WT, wild type; T, 95T allele (threonine); S, 95S allele (serine).

DNA samples from nontuberculous mycobacteria (NTM) and Gram-positive and Gram-negative bacteria.

One hundred twenty-one clinical NTM DNA isolates representing 26 species, including M. abcessus, M. aubagnense, M. avium, M. avium subsp. paratuberculosis, M. bollettii, M. celatum, M. chelonae, M. flavescens, M. fortuitum, M. gastri, M. genevense/M. simiae, M. gordonae, M. intermedium, M. intracellulare, M. kansasii, M. malmoense, M. mucogenicum, M. peregrinum, M. porcinum, M. scrofulaceum, M. senegalense, M. shimoidei, M. smegmatis, M. simiae, M. szulgai, M. terrae, and M. xenopi, with several mixed samples containing more than one NTM species, were obtained from ITRC. For evaluation of assay specificity, a panel of 18 species of Gram-negative and Gram-positive bacteria representing the most common bloodstream infection and nosocomial pathogens was also selected: Acinetobacter baumanii, Bacillus cereus, Clostridium difficile, Campylobacter jejuni, Escherichia coli, Haemophilus influenzae, Klebsiella pneumoniae, Listeria grayi, Pseudomonas aeruginosa, Staphylococcus aureus, Staphylococcus epidermidis, Staphylococcus hominis, Streptococcus agalactiae, Streptococcus dysgalactiae, Streptococcus pyogenes, Streptococcus pneumoniae, Vibrio cholerae, and Yersinia enterocolitica. DNA was either isolated from pure clinical strains by boiling a loopful of culture in Instagene matrix (Bio-Rad), or pure genomic DNA from ATCC strains was obtained from BEI Resources (Manassas, VA). The DNA was quantified as described above and used to determine the analytical specificity of the assay, using 5 to 10 ng of the DNA samples for PCR.

SMBs and primers.

A 107-bp fragment (nucleotides 222 to 330, with numbering based on the gene start site) containing the gyrA QRDR was amplified with the target primer gyrA-F (5′-CCGGTCGGTTGCCGAGACC-3′) and the antisense primer gyrA-R (5′-CCAGCGGGTAGCGCAGCGACCAG-3′). These primers were designed to be specific to the M. tuberculosis complex, verified by an alignment of M. tuberculosis and all of the NTM gyrA sequences available in the database (http://www.ncbi.nlm.nih.gov/GenBank/) (7). The two SMB sequences were QDR1 (5′-6-carboxyfluorescein CCGTGCgcgcaccagggtgccctagatcgacacgtcGCACGG-DABCYL-3′) and QDR2 (5′-cyanine 5-CCCGAGGgItgtcgtagattgacacgtcgccgcgcggCCTCGGG-BHQ1-3′), where the underlined uppercase sequences represent the stem portion and the lowercase sequences represent the probe portion of the SMBs, DABCYL represents 4-(4-dimethylamino)phenylazobenzoic acid, BHQ represents Black Hole quencher, and I represents deoxyinosine. Both probes were targeted against the gyrA QRDR region. The SMBs were designed by using the in silico DNA folding program from http://frontend.bioinfo.rpi.edu/applications/mfold/cgi-bin/dna-form1.cgi, and the probe-target hybrid folding program from http://dinamelt.bioinfo.rpi.edu/twostate.php was used to predict the possible probe-target hybrid structures and melting temperatures (Tms). The probes were designed to generate a maximum Tm difference between wild-type and mutant sequences, so as to enable their unambiguous identification. Primers were obtained from Sigma Genosys, and the SMB probes were obtained from Biosearch, CA.
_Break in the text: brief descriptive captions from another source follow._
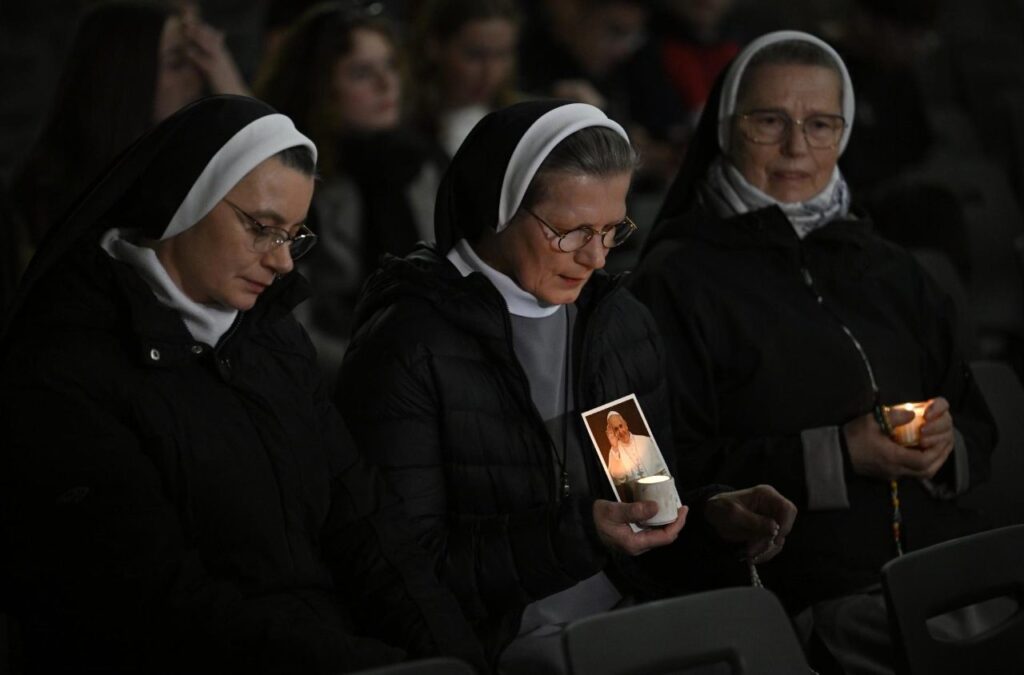 (VIDEO) Papa Francisc trimite un mesaj din spital pentru susținătorii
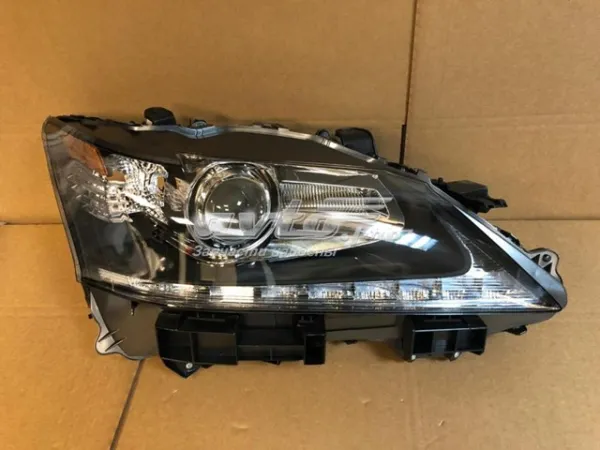 Правая фара 8114530F90 Toyota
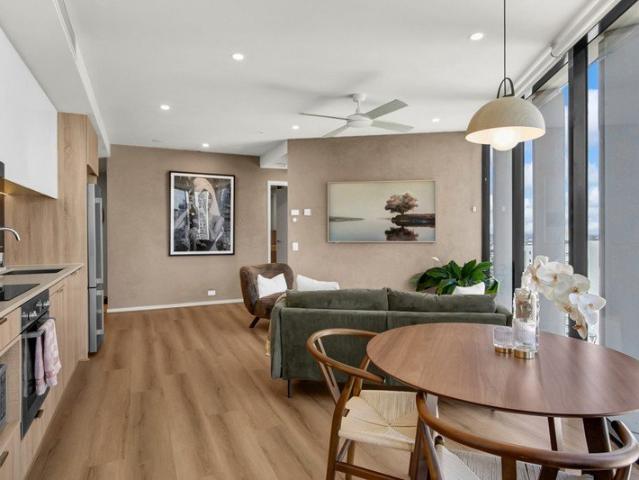 Modern Luxury Fully Furnished High Level One Bedroom Apartment with Brisbane River Views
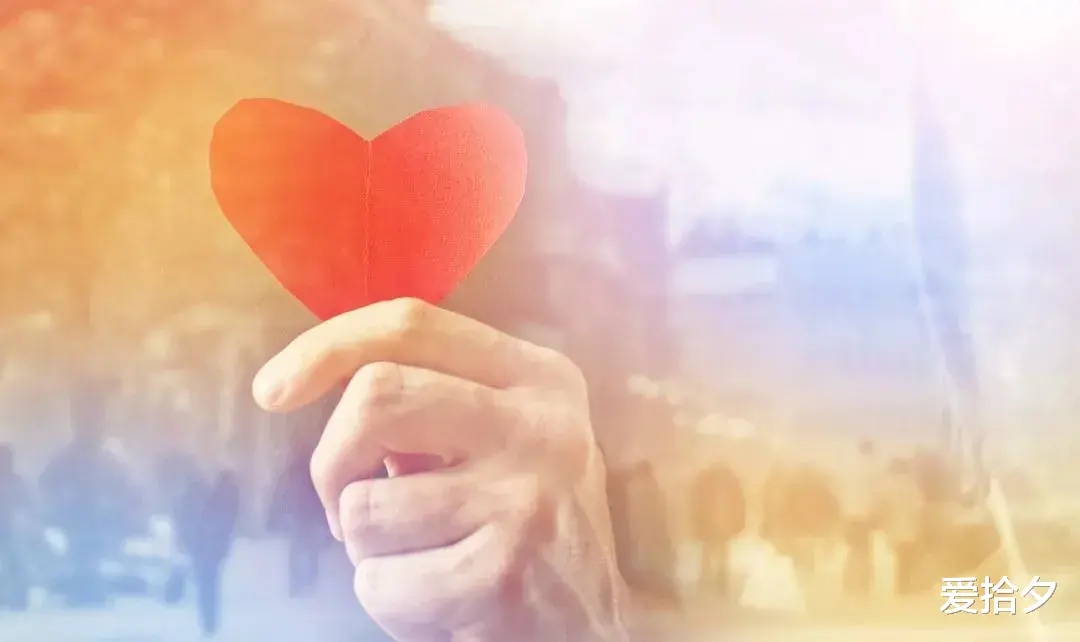 爱拾夕 为什么年龄大的女人离婚或丧偶后,不要轻易再婚?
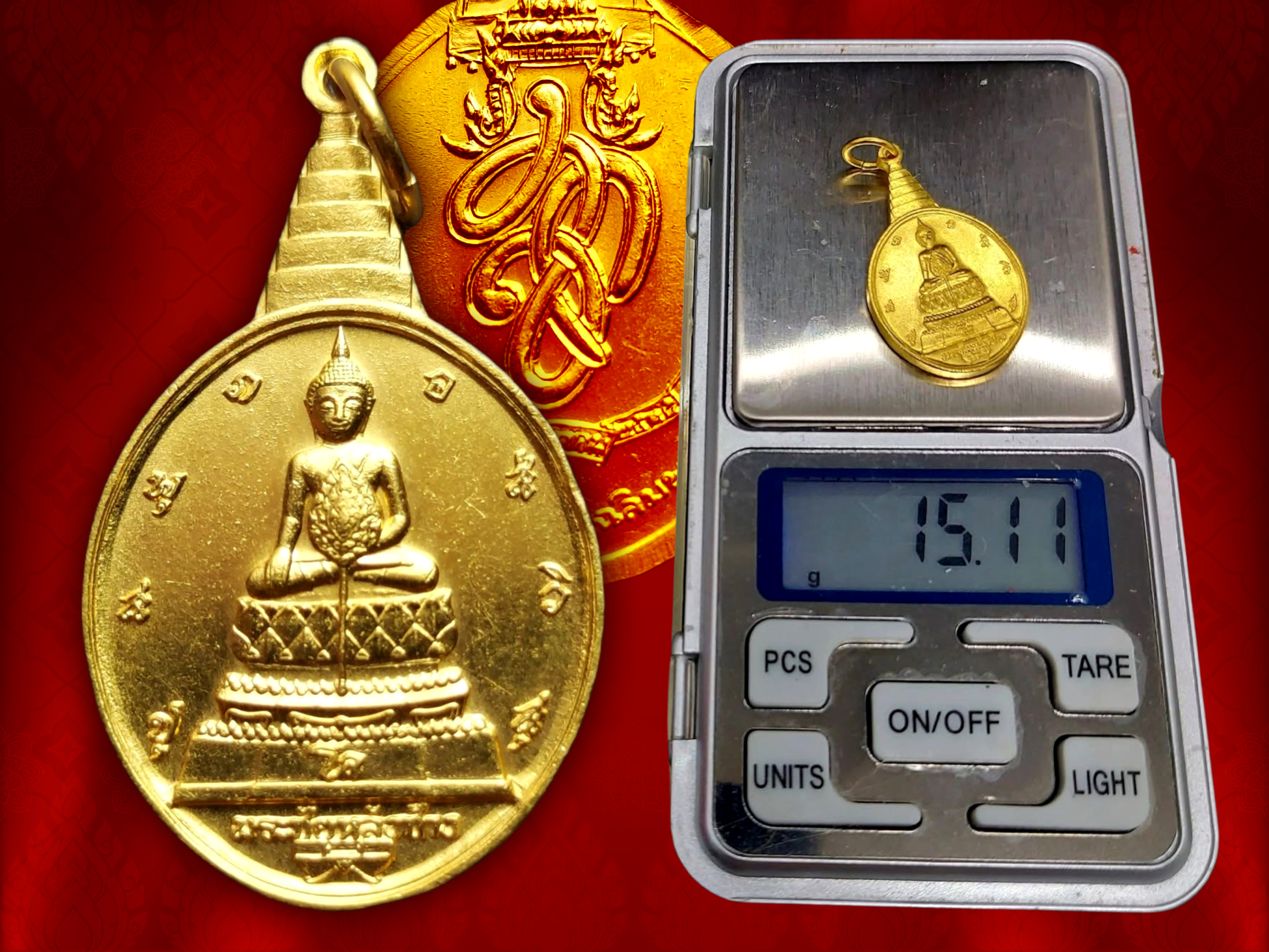 เหรียญพระชัยหลังช้าง สก. ปี 2535 ครบรอบ 5 รอบ สมเด็จพระนางเจ้าสิริกิตติ์ พระบรมราชินีนาถ ในรัชกาลที่ 9 เนื้อทองคำ งามๆ หายากสุดๆ ครับ ช่วงนี้ เนื้อทองคำหนัก 1 บาท( 15.1 กรัม ) พระเกจิอาจารย์ดังแห่งยุคนั้น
Artificial templates containing gyrA core region mutations.

We designed artificial oligonucleotide templates for all of the documented QRDR mutations. These were then used to test the efficacy of the probes to identify each mutation and the two wild-type polymorphisms. Each oligonucleotide template included the sequences of the gyrA QRDR and the binding sites of the assay's primers. Separate templates were made for each of the mutations G88C, G88A, D89N, A90V, S91P, D94A, D94G, D94N, D94Y, and D94H on both 95S and 95T gyrA allele wild-type sequence backgrounds [designated as gyrA(95S) and gyrA(95T), respectively]. Approximately 105 molecules of each template were used in each PCR assay containing the primers and the SMB probes.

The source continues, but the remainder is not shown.